Collins is not the only Republican to refuse to vote for the party's nominee.
Republican Rep. Richard Hanna of New York wrote an opinion article in Syracuse.com on Aug. 2:
In his latest foray of insults, Mr. Trump has attacked the parents of a slain U.S. soldier. Where do we draw the line? I thought it would have been when he alleged that U.S. Sen. John McCain was not a war hero because he was caught. Or the countless other insults he's proudly lobbed from behind the Republican presidential podium. For me, it is not enough to simply denounce his comments: He is unfit to serve our party and cannot lead this country.

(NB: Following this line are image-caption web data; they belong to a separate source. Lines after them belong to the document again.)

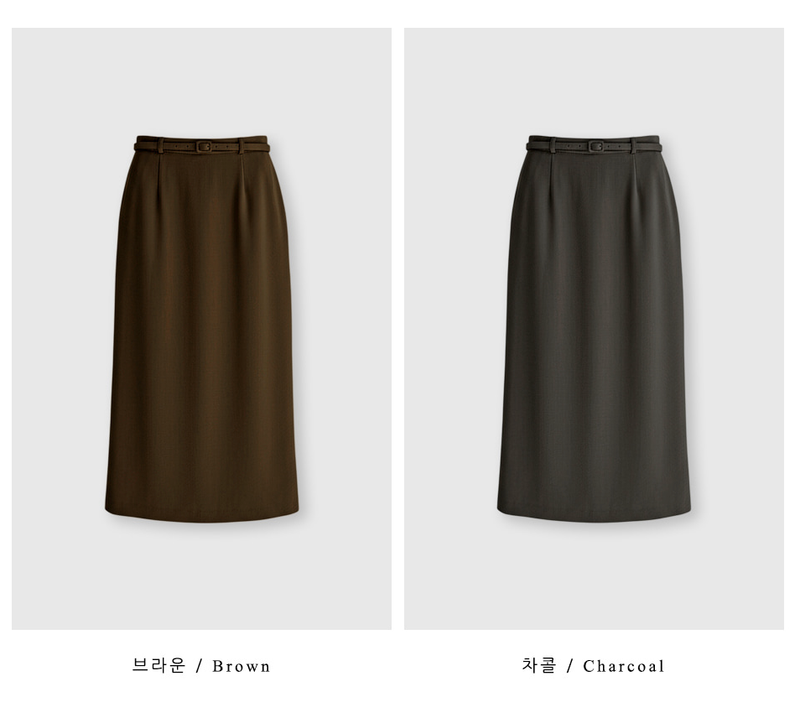 Setter Slit Belt Skirt / 4 colors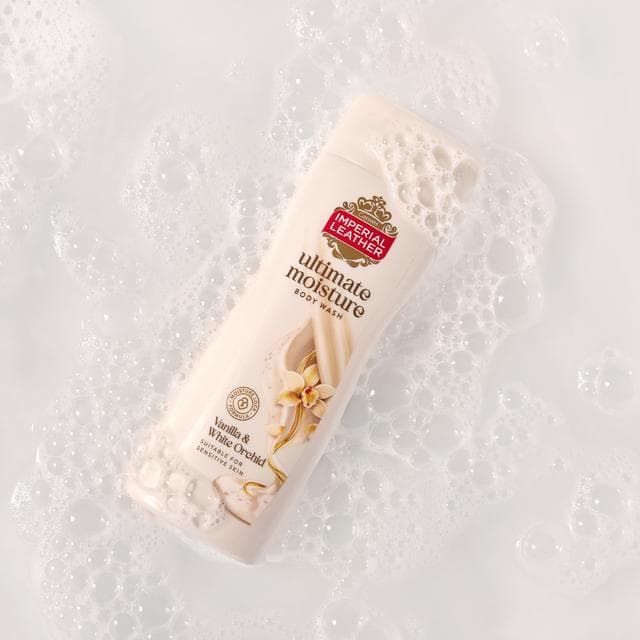 Imperial Leather Ultimate Moisture Vanilla & White Orchid Body Wash 450ml - gallery image 3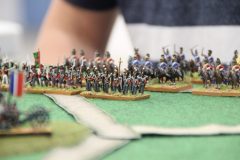 Les Anglo-Portugais  accompagnés de soldats écossais en kilt !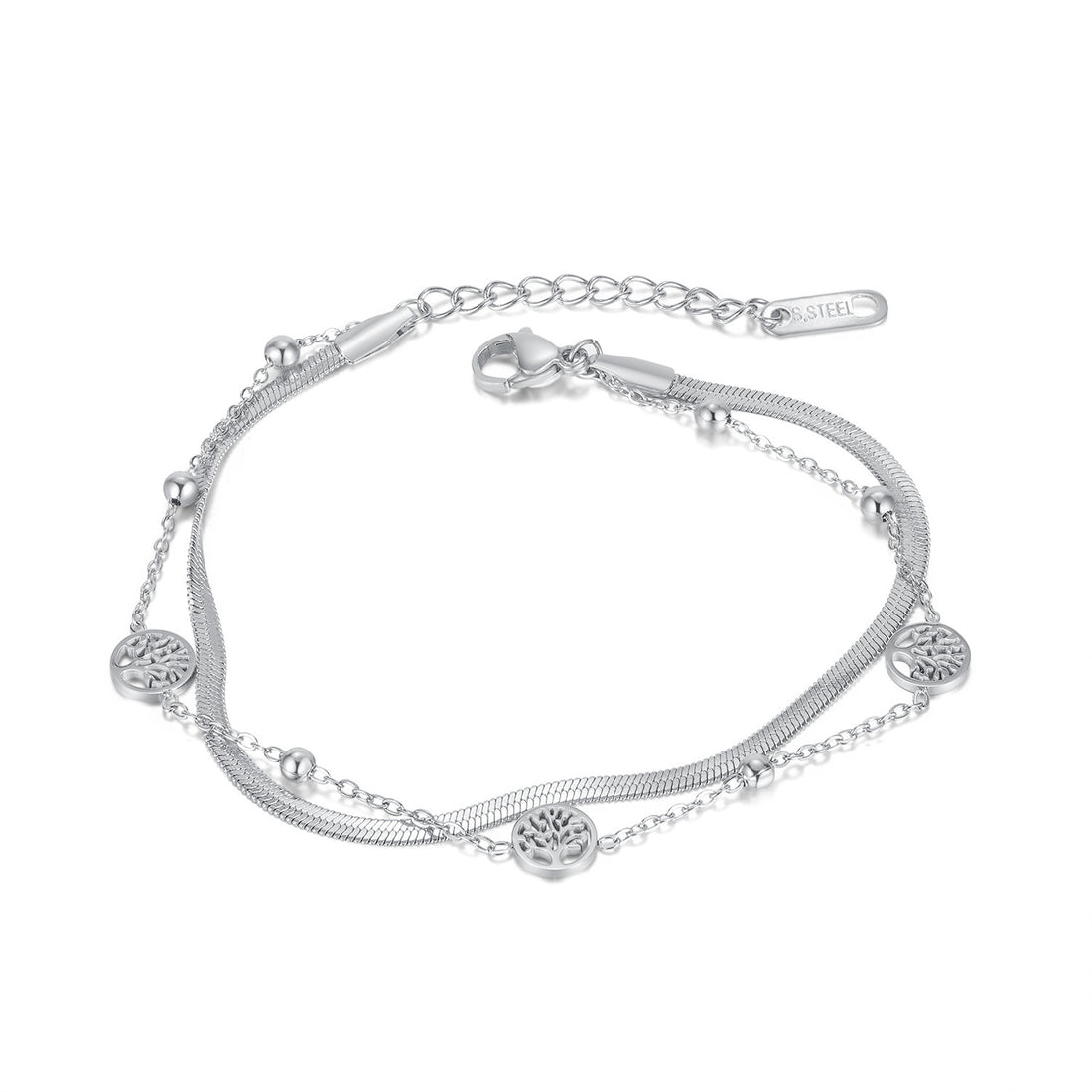 Vintage Double-Layer Snake Chain Bracelet DP25E777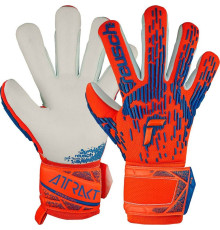 Рукавички воротарські Reusch Attrakt Freegel Silver Junior 5472235 2210 р.7,5, помаранчеві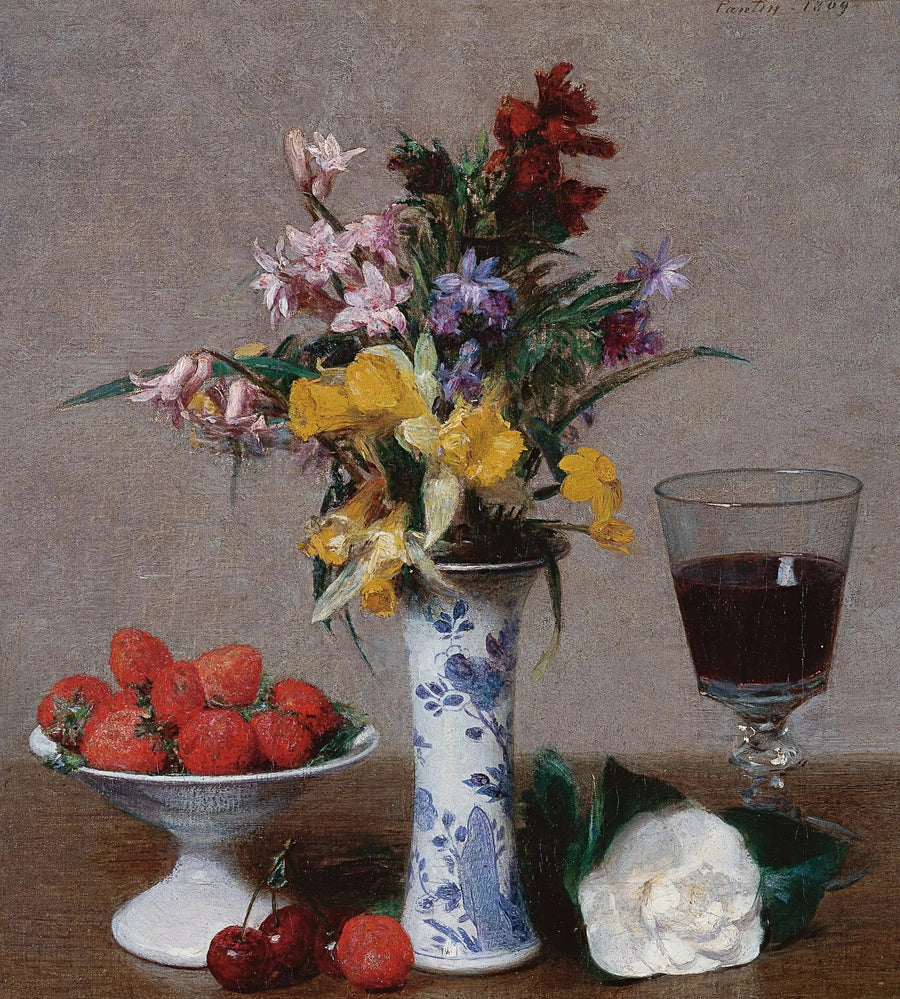 Stillleben genannt "Verlobungsstück" - Henri Fantin-Latour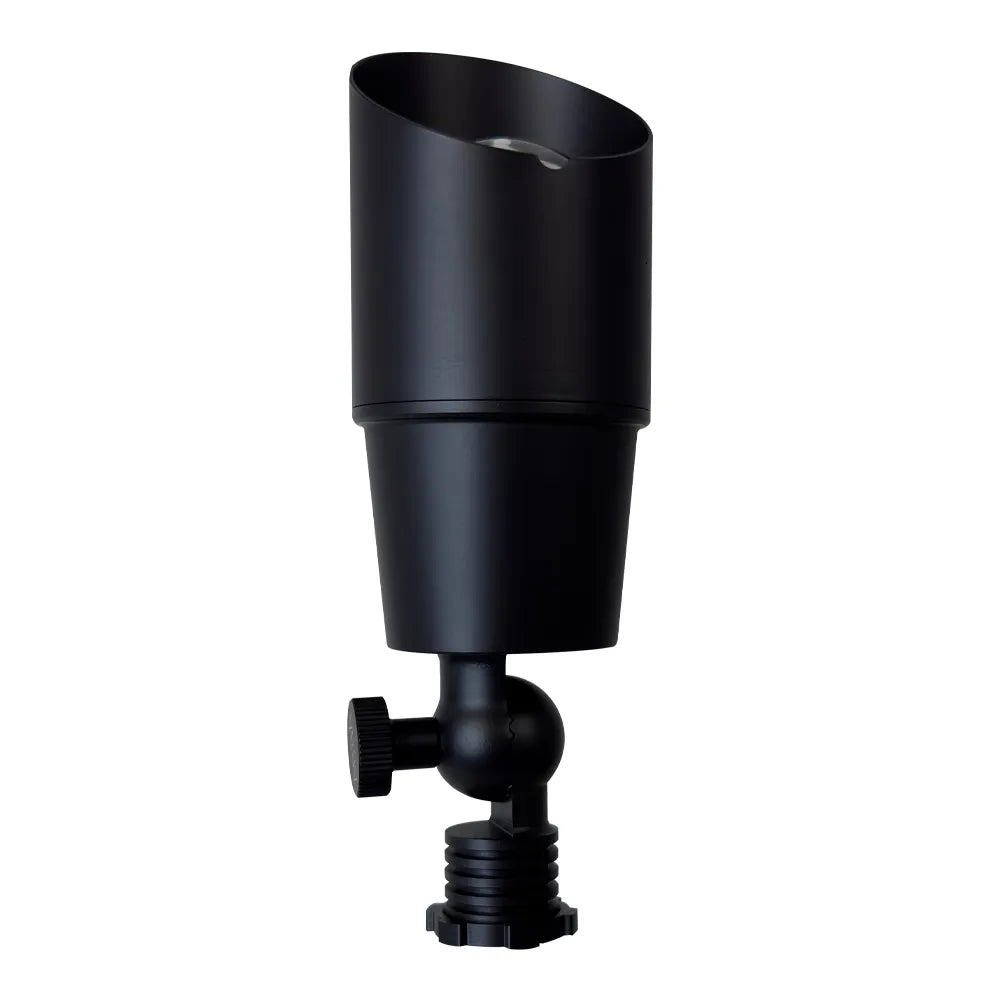 Outdoor Landscape Lighting LED 12V Low Voltage SPB01 Cast Brass Spotlight | Lamp Ready 12V Low Voltage Landscape Light MR16 Socket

Secretary Clinton has issues that depending on where one stands can be viewed as great or small. But she stands and has stood for causes bigger than herself for a lifetime. That matters. Mrs. Clinton has promoted many of the issues I have been committed to over the years including expanding education and supporting women's health care.
While I disagree with her on many issues, I will vote for Mrs. Clinton. I will be hopeful and resolute in my belief that being a good American who loves his country is far more important than parties or winning and losing. I trust she can lead.
Republican Rep. Scott Rigell of Virginia told The New York Times on Aug 5. that he is going to vote for Libertarian presidential nominee Gary Johnson.
Rigell said several lawmakers in his own party have asked his advice about Trump.
"When their own conscience is seared by some statement that Trump has made, I have encouraged them to be direct and also, in a timely manner, repudiate what he said," Rigell recalled. "People will respect it if you have a reason and you put it out there."